[Records from a data source]
==============================

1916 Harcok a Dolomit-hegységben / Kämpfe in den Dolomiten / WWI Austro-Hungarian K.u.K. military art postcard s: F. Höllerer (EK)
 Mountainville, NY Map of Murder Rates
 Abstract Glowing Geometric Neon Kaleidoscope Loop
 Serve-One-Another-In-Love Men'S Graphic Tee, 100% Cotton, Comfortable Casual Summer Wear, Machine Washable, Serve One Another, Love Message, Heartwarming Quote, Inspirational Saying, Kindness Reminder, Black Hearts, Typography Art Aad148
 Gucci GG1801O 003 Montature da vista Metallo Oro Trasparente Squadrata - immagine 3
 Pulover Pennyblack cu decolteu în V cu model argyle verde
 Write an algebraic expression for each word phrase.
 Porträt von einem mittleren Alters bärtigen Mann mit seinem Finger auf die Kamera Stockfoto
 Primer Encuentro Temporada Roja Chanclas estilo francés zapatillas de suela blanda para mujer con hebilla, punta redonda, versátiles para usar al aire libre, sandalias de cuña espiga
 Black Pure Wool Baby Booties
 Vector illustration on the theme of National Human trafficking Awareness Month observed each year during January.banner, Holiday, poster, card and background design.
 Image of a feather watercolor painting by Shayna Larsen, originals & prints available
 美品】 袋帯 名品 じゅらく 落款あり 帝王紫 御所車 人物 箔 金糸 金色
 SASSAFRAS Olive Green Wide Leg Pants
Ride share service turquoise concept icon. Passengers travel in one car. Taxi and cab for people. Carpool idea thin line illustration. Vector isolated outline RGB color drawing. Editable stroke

==============================

## Task objective
Beginning at the line that contains "SASSAFRAS Olive Green Wide Leg Pants", reproduce every line down to the last line of the entries above, exactly and only those.

## Reply to the task
 SASSAFRAS Olive Green Wide Leg Pants
Ride share service turquoise concept icon. Passengers travel in one car. Taxi and cab for people. Carpool idea thin line illustration. Vector isolated outline RGB color drawing. Editable stroke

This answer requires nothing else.